[EXERCISE DATA]
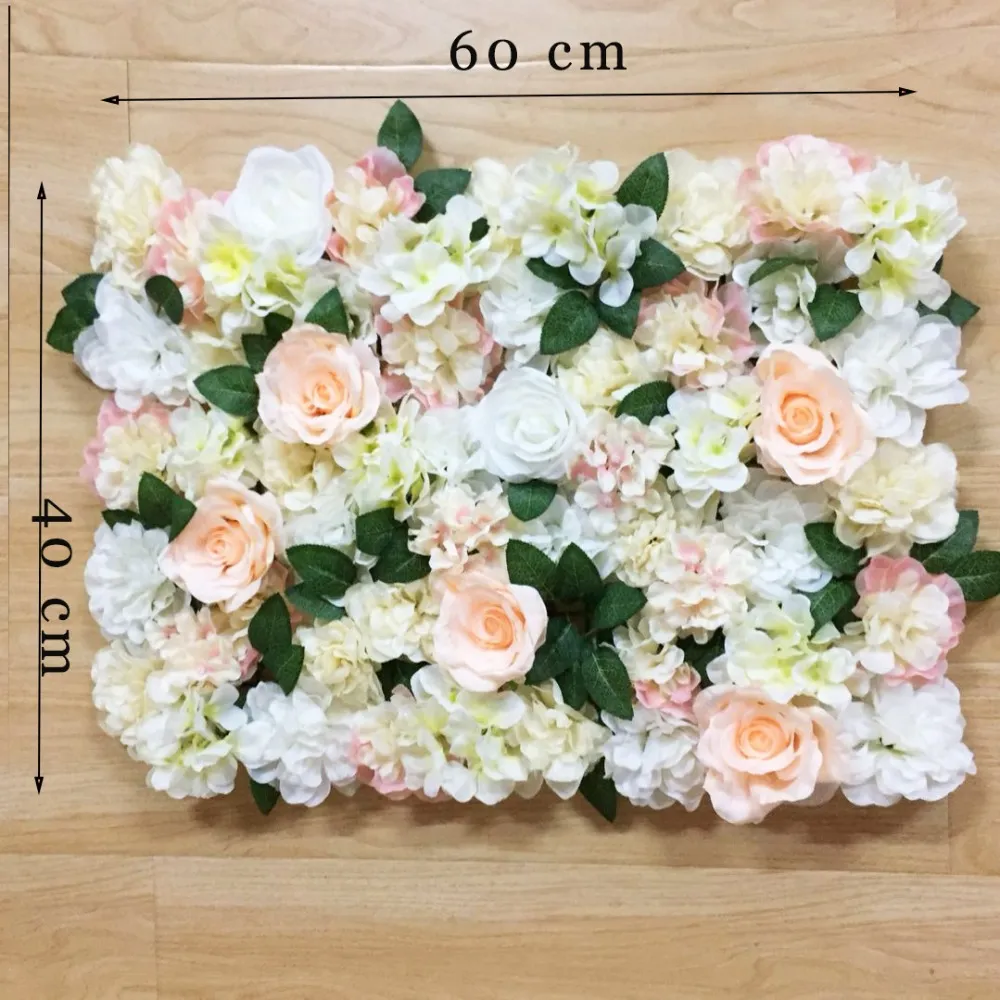 White Champagne Flower Flower Flower Wall Bedning Fackdrop Farty Decoración de la fiesta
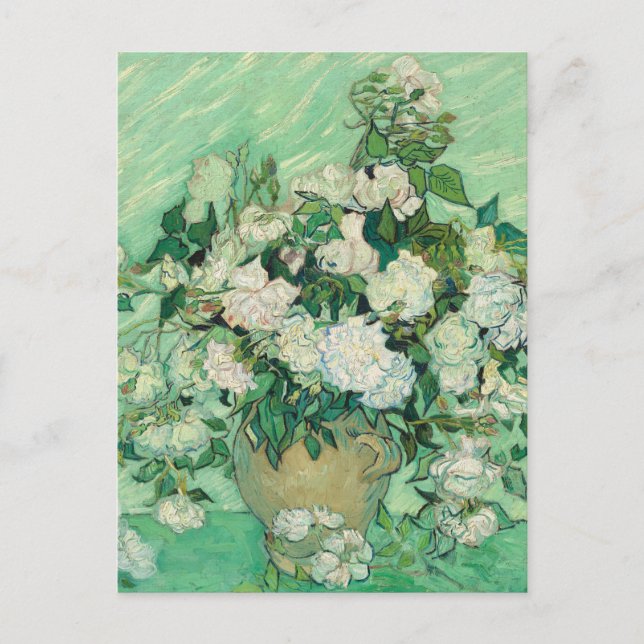 Vincent van Gogh Rose Impressionist Postkarte (Vorderseite)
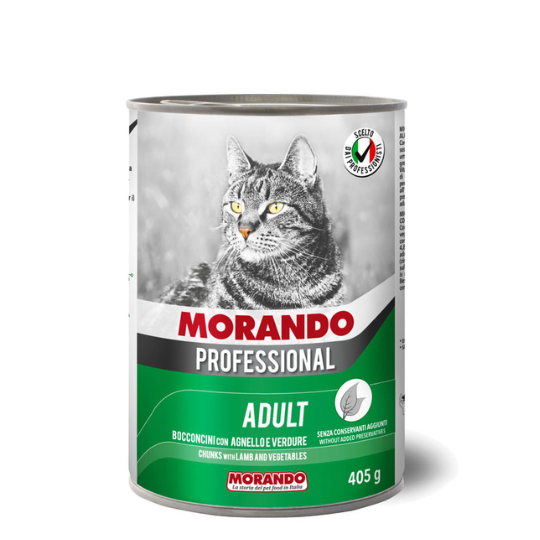 Hrana umeda pentru pisici Morando Chunks cu miel si legume 405g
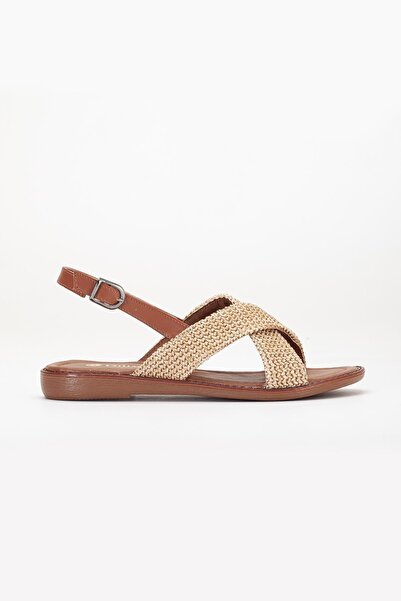 Dilimler Ayakkabı Women's Flat Heeled Sandals Beige Straw Cross Strap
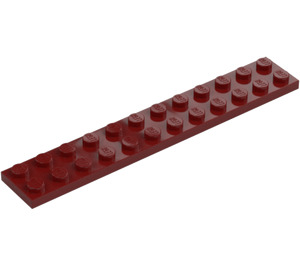 LEGO Dark Red Plate 2 x 12 (2445)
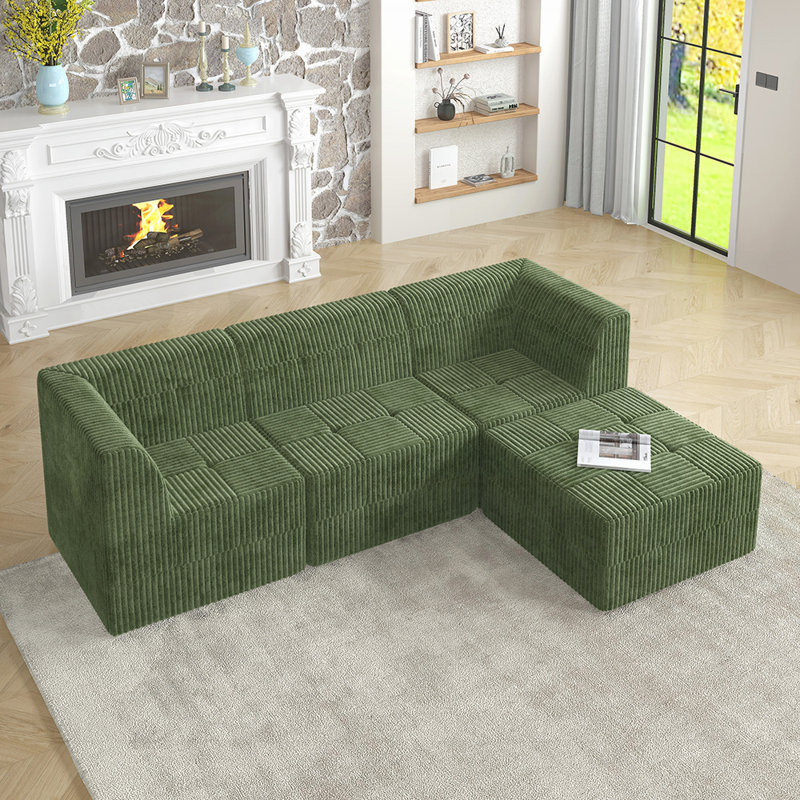Canapé modulaire en L, Tissu vert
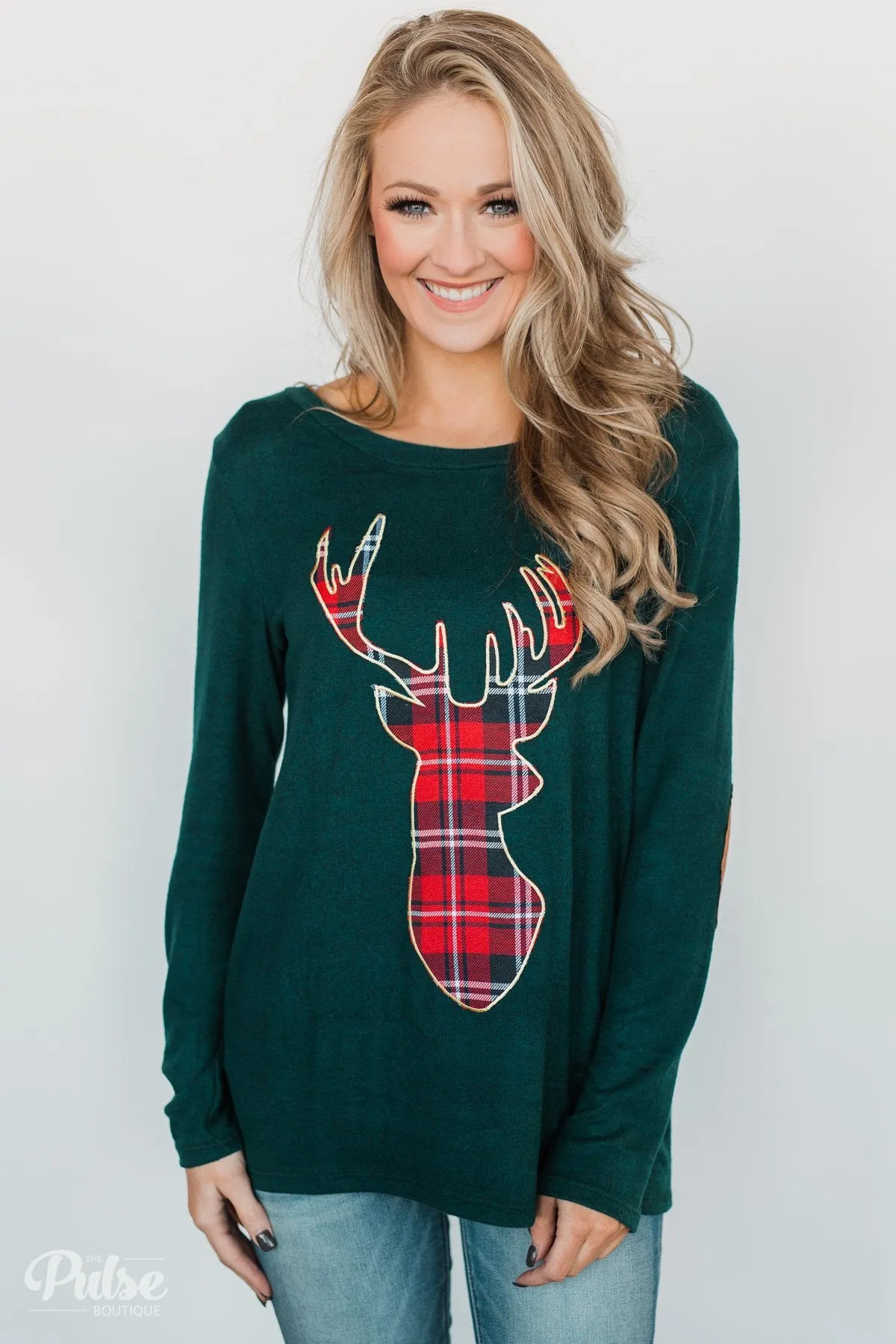'Tis the Season Deer Print Long Sleeve Top
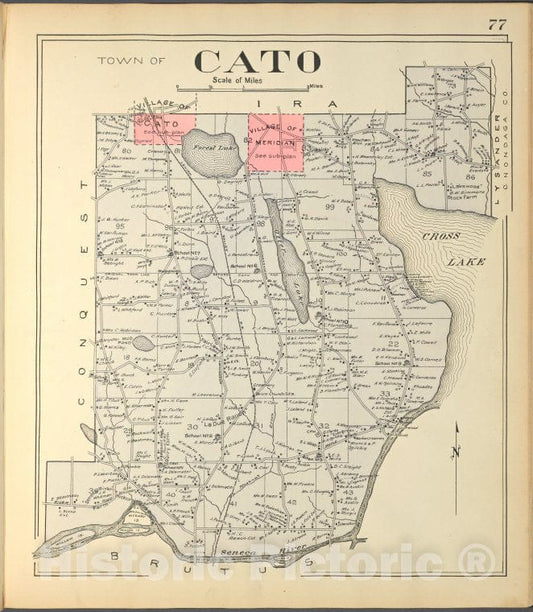 Historic 1904 Map - Cayuga County, Right Page [Map Of Town Of Cato] - Vintage Wall Art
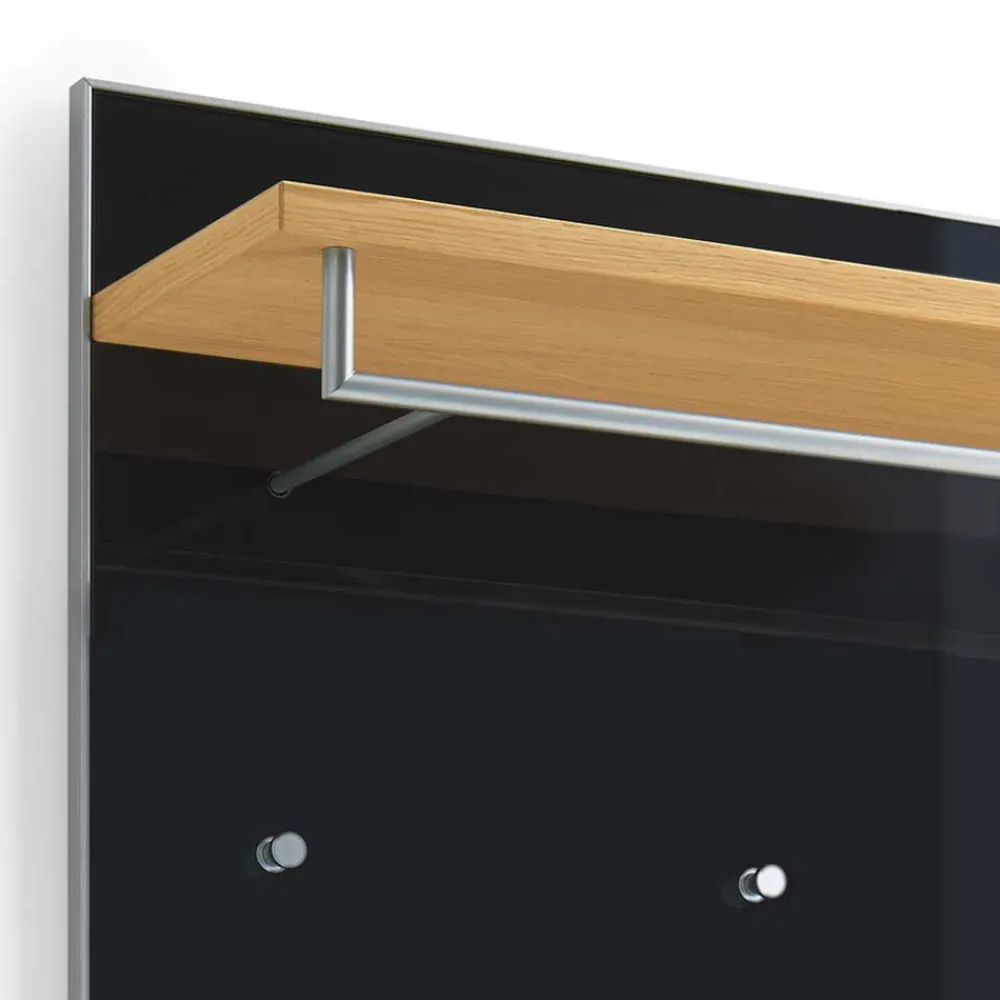 Wohnen Garderoben<Wandgarderobe Lalaika in Anthrazit Glas beschichtet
[/EXERCISE DATA]
▸ **REQUIRED ACTION**
Here the lines from the one with "Hrana umeda pentru" through the last line of the data above need to be repeated exactly, both included, and any picture omitted.

▸ **TASK RESULT**
 Hrana umeda pentru pisici Morando Chunks cu miel si legume 405g
 Dilimler Ayakkabı Women's Flat Heeled Sandals Beige Straw Cross Strap
 LEGO Dark Red Plate 2 x 12 (2445)
Canapé modulaire en L, Tissu vert
'Tis the Season Deer Print Long Sleeve Top
 Historic 1904 Map - Cayuga County, Right Page [Map Of Town Of Cato] - Vintage Wall Art
 Wohnen Garderoben<Wandgarderobe Lalaika in Anthrazit Glas beschichtet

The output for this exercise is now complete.